Skip to content

Example: setting up a combinations based Linked Data Fragments experiment

Ruben Taelman edited this page Aug 13, 2021 · 2 revisions

This guides gives a quick example of how jbr can be used to initialize, prepare, and run a combinations-based experiment, which repeats the same experiment for different factor values.

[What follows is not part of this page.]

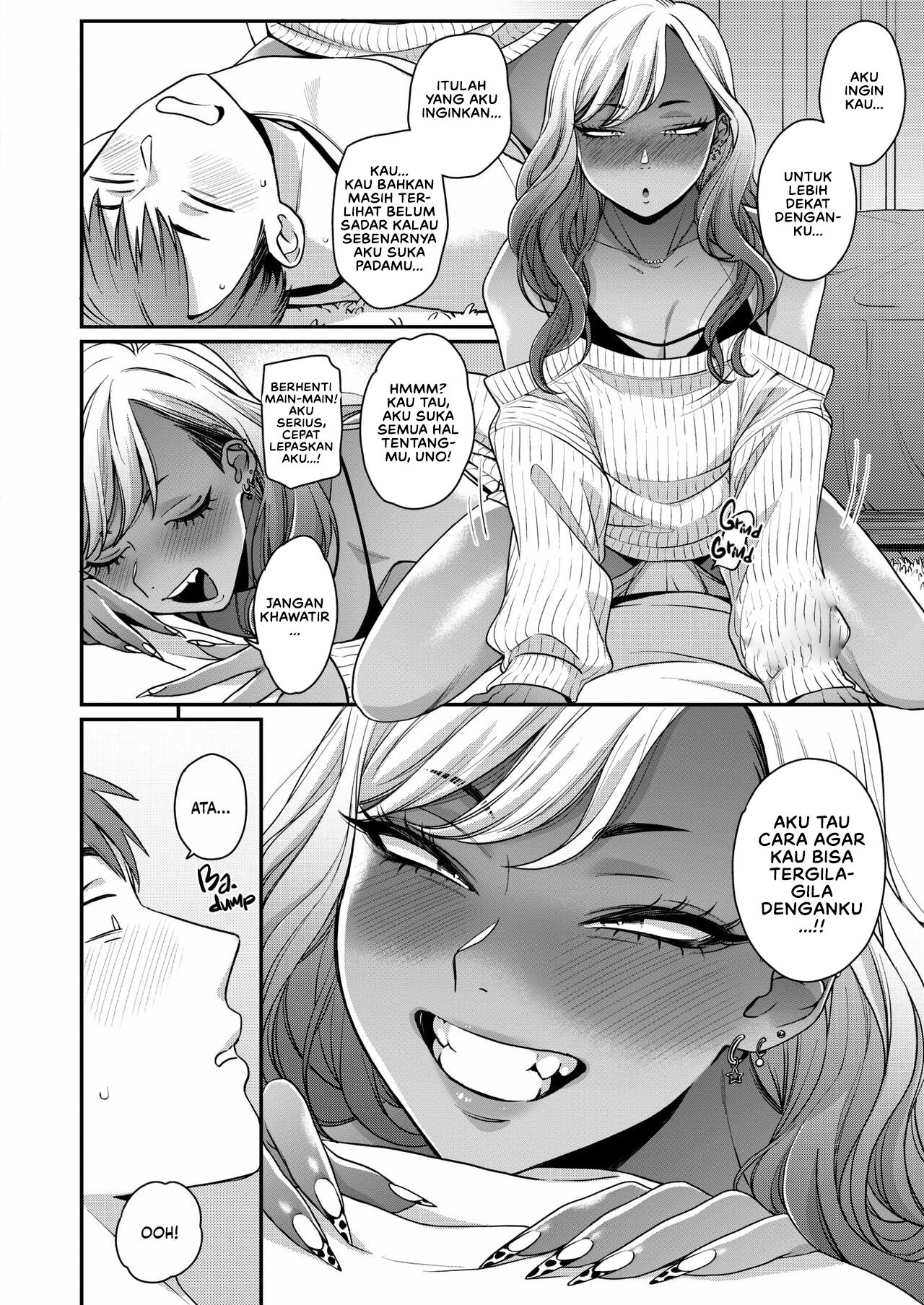 Kuro Gal à La Carte - Chapter 4 16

This guides knowledge about how to setup a basic jbr experiment.

1. Initialize

In this guide, we're going to create a an experiment for measuring the performance of Comunica over an LDF server (with NGINX cache) using the WatDiv benchmark. Our experiment will have two combinations:

  • LDF query execution with NGINX cache
  • LDF query execution without NGINX cache

If you want to initialize a combinations-based experiment, you will need to initialize your experiment by passing the -c flag:

$ jbr init -c watdiv ldf-performance-combinations

Initialized new combinations-based experiment in /Users/rtaelman/experiments/ldf-performance-combinations

This experiment requires handlers for the following hooks before it can be used:
  - hookSparqlEndpoint
Initialize these hooks by calling 'jbr set-hook <hook> <handler>'

✨ Done in 11.30s

After executing this command, the ldf-performance-combinations directory will have been created, so let's navigate to it:

$ cd ldf-performance

2. Set hooks

The output of the init command told us that we still need to configure a handler for the hookSparqlEndpoint hook, which will be the SPARQL endpoint our benchmark targets.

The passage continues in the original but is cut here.